MRS cluster nodes are classified into Master, Core, and Task nodes.

  • Master node: management node in a cluster. Master processes of a distributed system, Manager, and databases are deployed on Master nodes. Master nodes cannot be scaled out. The processing capability of Master nodes determines the upper limit of the management capability of the entire cluster. MRS supports scale-up of Master node specifications to provide support for management of a larger cluster.

  • Core node: used for both storage and computing and can be scaled in or out. Since Core nodes bear data storage, there are many restrictions on scale-in to prevent data loss and auto scaling cannot be performed.

  • Task node: used only for computing only and can be scaled in or out. Task nodes bear only computing tasks. Therefore, auto scaling can be performed.

You can create a cluster in two modes: custom create a cluster and quick create a cluster.

  • Custom config: On the Custom Config page, you can flexibly configure cluster parameters based on application scenarios, such as ECS specifications to better suit your service requirements.

  • Quick config: On the Quick Config page, you can quickly create a cluster based on application scenarios, improving cluster configuration efficiency. Currently, Hadoop analysis clusters, HBase clusters, and Kafka clusters are available for your quick creation.

    • Hadoop analysis cluster: uses components in the open-source Hadoop ecosystem to analyze and query vast amounts of data. For example, use Yarn to manage cluster resources, Hive and Spark to provide offline storage and computing of large-scale distributed data, Spark Streaming and Flink to offer streaming data computing, and Presto to enable interactive queries, and Tez to provide a distributed computing framework of directed acyclic graphs (DAGs).

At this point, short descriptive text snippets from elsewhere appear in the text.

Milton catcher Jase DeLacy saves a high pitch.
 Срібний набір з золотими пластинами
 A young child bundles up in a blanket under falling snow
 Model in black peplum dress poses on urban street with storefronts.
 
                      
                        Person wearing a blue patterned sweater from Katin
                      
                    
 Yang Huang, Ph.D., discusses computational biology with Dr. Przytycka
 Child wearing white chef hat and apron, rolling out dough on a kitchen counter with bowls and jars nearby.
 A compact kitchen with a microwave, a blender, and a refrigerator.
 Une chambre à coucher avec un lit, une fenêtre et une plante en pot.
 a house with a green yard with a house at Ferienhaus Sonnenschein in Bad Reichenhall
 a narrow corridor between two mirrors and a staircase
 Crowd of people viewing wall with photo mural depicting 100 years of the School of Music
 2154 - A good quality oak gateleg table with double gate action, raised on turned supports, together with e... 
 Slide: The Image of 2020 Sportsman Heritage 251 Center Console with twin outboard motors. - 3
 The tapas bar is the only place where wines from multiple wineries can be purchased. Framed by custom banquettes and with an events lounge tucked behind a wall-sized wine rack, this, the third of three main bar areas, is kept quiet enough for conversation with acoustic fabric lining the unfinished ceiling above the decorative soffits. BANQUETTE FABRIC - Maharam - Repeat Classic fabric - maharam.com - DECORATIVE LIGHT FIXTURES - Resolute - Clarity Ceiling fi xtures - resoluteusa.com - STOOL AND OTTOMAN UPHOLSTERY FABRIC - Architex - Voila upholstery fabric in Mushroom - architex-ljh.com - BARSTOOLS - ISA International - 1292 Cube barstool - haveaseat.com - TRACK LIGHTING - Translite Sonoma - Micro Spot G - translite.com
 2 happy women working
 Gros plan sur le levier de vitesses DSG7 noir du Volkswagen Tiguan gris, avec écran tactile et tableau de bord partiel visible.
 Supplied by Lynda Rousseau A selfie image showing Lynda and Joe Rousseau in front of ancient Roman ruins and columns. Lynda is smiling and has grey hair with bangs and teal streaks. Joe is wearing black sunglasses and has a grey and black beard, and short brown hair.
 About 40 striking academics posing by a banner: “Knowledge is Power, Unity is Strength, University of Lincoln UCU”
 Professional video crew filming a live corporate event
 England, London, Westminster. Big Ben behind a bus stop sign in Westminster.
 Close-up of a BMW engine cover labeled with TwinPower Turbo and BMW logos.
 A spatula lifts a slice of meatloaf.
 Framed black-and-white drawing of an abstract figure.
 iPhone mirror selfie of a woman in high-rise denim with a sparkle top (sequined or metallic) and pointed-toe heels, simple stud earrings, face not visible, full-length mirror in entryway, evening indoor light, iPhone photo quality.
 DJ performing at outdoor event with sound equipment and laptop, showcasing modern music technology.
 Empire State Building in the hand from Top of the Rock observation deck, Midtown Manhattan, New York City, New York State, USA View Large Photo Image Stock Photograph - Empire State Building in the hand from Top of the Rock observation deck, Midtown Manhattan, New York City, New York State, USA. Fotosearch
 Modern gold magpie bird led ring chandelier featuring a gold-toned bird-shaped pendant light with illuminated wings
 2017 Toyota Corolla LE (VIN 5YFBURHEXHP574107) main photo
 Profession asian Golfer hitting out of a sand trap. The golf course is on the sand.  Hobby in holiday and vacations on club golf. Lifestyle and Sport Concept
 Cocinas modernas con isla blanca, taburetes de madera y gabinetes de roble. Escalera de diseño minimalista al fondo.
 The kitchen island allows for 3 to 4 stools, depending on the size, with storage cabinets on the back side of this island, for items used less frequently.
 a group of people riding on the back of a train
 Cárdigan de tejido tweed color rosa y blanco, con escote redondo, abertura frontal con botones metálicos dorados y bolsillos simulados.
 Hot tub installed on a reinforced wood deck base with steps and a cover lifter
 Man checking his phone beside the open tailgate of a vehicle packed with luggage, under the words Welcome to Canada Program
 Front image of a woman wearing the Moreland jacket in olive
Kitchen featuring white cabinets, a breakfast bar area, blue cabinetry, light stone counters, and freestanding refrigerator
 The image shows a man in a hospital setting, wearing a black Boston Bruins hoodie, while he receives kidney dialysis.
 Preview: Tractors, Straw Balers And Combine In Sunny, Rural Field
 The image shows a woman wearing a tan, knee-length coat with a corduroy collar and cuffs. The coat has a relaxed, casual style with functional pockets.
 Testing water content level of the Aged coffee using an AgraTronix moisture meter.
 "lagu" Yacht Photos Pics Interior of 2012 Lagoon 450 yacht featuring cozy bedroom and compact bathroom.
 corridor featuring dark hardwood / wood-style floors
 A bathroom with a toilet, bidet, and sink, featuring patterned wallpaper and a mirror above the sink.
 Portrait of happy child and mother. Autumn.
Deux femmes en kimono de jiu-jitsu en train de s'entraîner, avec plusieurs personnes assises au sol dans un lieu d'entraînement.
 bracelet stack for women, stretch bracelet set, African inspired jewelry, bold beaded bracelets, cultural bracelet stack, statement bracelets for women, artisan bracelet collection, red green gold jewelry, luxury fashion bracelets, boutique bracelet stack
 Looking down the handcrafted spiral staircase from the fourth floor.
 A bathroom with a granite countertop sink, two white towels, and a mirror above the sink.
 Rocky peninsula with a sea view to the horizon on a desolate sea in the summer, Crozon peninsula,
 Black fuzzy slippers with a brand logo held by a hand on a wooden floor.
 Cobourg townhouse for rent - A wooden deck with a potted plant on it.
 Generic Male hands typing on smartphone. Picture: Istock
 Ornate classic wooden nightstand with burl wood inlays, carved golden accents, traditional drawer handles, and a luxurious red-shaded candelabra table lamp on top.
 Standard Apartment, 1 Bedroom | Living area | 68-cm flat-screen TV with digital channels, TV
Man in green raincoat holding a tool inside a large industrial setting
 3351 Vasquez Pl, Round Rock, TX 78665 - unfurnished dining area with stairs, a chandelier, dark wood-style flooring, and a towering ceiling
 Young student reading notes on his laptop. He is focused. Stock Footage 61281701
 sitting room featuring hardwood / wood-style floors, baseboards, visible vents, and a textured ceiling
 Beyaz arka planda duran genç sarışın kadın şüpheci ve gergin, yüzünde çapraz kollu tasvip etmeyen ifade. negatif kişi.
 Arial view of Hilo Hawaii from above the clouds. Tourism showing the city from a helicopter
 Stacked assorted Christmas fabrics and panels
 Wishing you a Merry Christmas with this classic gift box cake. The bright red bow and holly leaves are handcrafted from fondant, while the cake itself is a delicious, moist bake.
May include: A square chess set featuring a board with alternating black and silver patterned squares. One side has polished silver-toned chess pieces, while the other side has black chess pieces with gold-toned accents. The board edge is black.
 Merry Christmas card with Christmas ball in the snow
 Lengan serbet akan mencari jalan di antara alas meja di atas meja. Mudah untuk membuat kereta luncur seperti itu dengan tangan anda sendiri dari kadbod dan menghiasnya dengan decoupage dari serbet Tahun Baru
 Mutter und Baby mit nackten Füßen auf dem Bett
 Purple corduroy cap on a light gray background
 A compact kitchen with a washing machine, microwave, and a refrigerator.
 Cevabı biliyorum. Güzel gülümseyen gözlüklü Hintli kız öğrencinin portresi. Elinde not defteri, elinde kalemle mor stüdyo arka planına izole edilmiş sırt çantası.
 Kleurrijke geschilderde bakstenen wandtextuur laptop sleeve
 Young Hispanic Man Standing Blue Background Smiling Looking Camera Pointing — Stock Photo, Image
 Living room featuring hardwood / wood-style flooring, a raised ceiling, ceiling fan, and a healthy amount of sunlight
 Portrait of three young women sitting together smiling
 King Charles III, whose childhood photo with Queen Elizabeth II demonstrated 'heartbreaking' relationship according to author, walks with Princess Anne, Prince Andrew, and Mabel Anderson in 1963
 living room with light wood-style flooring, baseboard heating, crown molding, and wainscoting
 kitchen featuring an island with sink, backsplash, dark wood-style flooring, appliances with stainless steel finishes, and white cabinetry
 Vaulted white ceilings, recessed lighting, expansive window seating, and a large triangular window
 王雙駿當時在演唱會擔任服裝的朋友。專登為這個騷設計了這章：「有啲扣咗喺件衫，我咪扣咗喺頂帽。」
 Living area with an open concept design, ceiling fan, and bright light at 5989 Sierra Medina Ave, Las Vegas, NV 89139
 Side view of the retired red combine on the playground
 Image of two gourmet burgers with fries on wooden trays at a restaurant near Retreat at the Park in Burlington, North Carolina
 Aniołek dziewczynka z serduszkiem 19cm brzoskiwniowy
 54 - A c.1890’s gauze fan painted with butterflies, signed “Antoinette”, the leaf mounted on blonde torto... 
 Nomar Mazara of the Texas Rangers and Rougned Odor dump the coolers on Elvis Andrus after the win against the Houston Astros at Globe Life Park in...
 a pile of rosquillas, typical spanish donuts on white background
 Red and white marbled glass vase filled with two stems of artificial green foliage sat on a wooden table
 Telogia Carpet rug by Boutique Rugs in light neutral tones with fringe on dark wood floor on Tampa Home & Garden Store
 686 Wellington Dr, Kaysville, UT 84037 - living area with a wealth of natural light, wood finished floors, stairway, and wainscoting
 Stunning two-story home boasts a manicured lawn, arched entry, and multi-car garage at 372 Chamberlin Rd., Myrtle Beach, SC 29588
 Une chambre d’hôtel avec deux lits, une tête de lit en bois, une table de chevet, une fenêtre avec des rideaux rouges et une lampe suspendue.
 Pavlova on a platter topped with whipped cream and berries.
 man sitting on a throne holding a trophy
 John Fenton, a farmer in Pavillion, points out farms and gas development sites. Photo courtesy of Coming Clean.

    • HBase cluster: uses Hadoop and HBase components to provide a column-oriented distributed cloud storage system featuring enhanced reliability, excellent performance, and elastic scalability. It applies to the storage and distributed computing of massive amounts of data. You can use HBase to build a storage system capable of storing TB- or even PB-level data. With HBase, you can filter and analyze data with ease and get responses in milliseconds, rapidly mining data value.

    • Kafka cluster: uses Kafka and Storm to provide an open source message system with high throughput and scalability. It is widely used in scenarios such as log collection and monitoring data aggregation to implement efficient streaming data collection and real-time data processing and storage.

Terminating a Cluster

MRS allows you to terminate a cluster when it is no longer needed. After the cluster is terminated, all cloud resources used by the cluster will be released. Before terminating a cluster, you are advised to migrate or back up data. Terminate the cluster only when no service is running in the cluster or the cluster is abnormal and cannot provide services based on O&M analysis. If data is stored on EVS disks or pass-through disks in a big data cluster, the data will be deleted after the cluster is terminated. Therefore, exercise caution when terminating a cluster.